■ PROBLEM DETAILS: Without omitting anything, retype the data that follows.

■ GIVEN RECORDS:
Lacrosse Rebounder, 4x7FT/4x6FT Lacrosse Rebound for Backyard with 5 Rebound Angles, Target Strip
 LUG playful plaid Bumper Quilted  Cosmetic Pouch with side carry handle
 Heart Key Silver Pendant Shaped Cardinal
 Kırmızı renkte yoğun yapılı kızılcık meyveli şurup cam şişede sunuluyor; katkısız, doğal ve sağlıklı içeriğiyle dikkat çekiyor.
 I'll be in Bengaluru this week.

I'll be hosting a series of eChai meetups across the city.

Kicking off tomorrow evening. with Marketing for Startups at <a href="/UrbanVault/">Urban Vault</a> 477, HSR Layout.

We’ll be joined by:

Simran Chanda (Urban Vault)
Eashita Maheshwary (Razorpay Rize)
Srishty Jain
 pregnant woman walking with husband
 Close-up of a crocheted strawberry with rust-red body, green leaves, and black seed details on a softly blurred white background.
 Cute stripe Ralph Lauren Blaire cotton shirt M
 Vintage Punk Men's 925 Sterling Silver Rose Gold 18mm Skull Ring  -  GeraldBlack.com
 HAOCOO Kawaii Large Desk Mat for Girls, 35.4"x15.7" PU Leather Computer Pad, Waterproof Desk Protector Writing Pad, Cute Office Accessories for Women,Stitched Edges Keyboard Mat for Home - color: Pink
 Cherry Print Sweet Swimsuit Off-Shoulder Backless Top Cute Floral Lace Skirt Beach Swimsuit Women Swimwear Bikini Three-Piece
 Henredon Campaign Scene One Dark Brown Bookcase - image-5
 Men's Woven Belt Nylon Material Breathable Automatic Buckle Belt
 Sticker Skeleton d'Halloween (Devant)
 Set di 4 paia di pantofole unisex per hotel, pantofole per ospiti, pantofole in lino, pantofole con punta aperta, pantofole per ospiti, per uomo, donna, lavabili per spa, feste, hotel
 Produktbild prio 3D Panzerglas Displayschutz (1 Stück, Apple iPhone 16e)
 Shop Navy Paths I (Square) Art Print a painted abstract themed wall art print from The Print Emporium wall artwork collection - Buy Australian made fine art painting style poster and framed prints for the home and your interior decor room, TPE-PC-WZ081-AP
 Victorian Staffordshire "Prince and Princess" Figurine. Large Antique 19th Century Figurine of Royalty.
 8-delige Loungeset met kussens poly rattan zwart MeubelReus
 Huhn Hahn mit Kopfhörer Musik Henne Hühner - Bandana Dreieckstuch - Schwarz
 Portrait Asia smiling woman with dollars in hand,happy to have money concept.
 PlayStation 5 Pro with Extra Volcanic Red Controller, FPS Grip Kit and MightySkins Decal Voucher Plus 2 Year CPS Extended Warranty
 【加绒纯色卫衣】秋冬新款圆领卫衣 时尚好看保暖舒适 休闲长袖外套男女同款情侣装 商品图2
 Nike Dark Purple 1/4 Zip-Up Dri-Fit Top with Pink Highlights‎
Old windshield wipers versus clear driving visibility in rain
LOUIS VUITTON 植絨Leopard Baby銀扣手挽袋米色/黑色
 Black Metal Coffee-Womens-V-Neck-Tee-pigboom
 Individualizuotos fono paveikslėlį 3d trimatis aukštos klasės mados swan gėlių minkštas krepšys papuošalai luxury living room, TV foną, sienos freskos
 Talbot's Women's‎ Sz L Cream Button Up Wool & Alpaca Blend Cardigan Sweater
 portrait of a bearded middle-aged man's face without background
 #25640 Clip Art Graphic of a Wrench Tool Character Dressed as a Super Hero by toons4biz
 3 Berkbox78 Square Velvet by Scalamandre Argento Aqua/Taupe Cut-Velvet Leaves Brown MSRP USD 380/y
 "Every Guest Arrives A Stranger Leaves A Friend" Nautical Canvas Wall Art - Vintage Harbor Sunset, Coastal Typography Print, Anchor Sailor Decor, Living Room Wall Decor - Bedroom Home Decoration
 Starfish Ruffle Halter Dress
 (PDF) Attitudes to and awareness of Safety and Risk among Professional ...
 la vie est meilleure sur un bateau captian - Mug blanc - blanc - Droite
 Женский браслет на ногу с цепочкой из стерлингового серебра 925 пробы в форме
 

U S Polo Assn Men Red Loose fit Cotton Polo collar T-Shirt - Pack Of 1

■ SOLUTION TO THE PROBLEM:
Lacrosse Rebounder, 4x7FT/4x6FT Lacrosse Rebound for Backyard with 5 Rebound Angles, Target Strip
 LUG playful plaid Bumper Quilted  Cosmetic Pouch with side carry handle
 Heart Key Silver Pendant Shaped Cardinal
 Kırmızı renkte yoğun yapılı kızılcık meyveli şurup cam şişede sunuluyor; katkısız, doğal ve sağlıklı içeriğiyle dikkat çekiyor.
 I'll be in Bengaluru this week.

I'll be hosting a series of eChai meetups across the city.

Kicking off tomorrow evening. with Marketing for Startups at <a href="/UrbanVault/">Urban Vault</a> 477, HSR Layout.

We’ll be joined by:

Simran Chanda (Urban Vault)
Eashita Maheshwary (Razorpay Rize)
Srishty Jain
 pregnant woman walking with husband
 Close-up of a crocheted strawberry with rust-red body, green leaves, and black seed details on a softly blurred white background.
 Cute stripe Ralph Lauren Blaire cotton shirt M
 Vintage Punk Men's 925 Sterling Silver Rose Gold 18mm Skull Ring  -  GeraldBlack.com
 HAOCOO Kawaii Large Desk Mat for Girls, 35.4"x15.7" PU Leather Computer Pad, Waterproof Desk Protector Writing Pad, Cute Office Accessories for Women,Stitched Edges Keyboard Mat for Home - color: Pink
 Cherry Print Sweet Swimsuit Off-Shoulder Backless Top Cute Floral Lace Skirt Beach Swimsuit Women Swimwear Bikini Three-Piece
 Henredon Campaign Scene One Dark Brown Bookcase - image-5
 Men's Woven Belt Nylon Material Breathable Automatic Buckle Belt
 Sticker Skeleton d'Halloween (Devant)
 Set di 4 paia di pantofole unisex per hotel, pantofole per ospiti, pantofole in lino, pantofole con punta aperta, pantofole per ospiti, per uomo, donna, lavabili per spa, feste, hotel
 Produktbild prio 3D Panzerglas Displayschutz (1 Stück, Apple iPhone 16e)
 Shop Navy Paths I (Square) Art Print a painted abstract themed wall art print from The Print Emporium wall artwork collection - Buy Australian made fine art painting style poster and framed prints for the home and your interior decor room, TPE-PC-WZ081-AP
 Victorian Staffordshire "Prince and Princess" Figurine. Large Antique 19th Century Figurine of Royalty.
 8-delige Loungeset met kussens poly rattan zwart MeubelReus
 Huhn Hahn mit Kopfhörer Musik Henne Hühner - Bandana Dreieckstuch - Schwarz
 Portrait Asia smiling woman with dollars in hand,happy to have money concept.
 PlayStation 5 Pro with Extra Volcanic Red Controller, FPS Grip Kit and MightySkins Decal Voucher Plus 2 Year CPS Extended Warranty
 【加绒纯色卫衣】秋冬新款圆领卫衣 时尚好看保暖舒适 休闲长袖外套男女同款情侣装 商品图2
 Nike Dark Purple 1/4 Zip-Up Dri-Fit Top with Pink Highlights‎
Old windshield wipers versus clear driving visibility in rain
LOUIS VUITTON 植絨Leopard Baby銀扣手挽袋米色/黑色
 Black Metal Coffee-Womens-V-Neck-Tee-pigboom
 Individualizuotos fono paveikslėlį 3d trimatis aukštos klasės mados swan gėlių minkštas krepšys papuošalai luxury living room, TV foną, sienos freskos
 Talbot's Women's‎ Sz L Cream Button Up Wool & Alpaca Blend Cardigan Sweater
 portrait of a bearded middle-aged man's face without background
 #25640 Clip Art Graphic of a Wrench Tool Character Dressed as a Super Hero by toons4biz
 3 Berkbox78 Square Velvet by Scalamandre Argento Aqua/Taupe Cut-Velvet Leaves Brown MSRP USD 380/y
 "Every Guest Arrives A Stranger Leaves A Friend" Nautical Canvas Wall Art - Vintage Harbor Sunset, Coastal Typography Print, Anchor Sailor Decor, Living Room Wall Decor - Bedroom Home Decoration
 Starfish Ruffle Halter Dress
 (PDF) Attitudes to and awareness of Safety and Risk among Professional ...
 la vie est meilleure sur un bateau captian - Mug blanc - blanc - Droite
 Женский браслет на ногу с цепочкой из стерлингового серебра 925 пробы в форме
 

U S Polo Assn Men Red Loose fit Cotton Polo collar T-Shirt - Pack Of 1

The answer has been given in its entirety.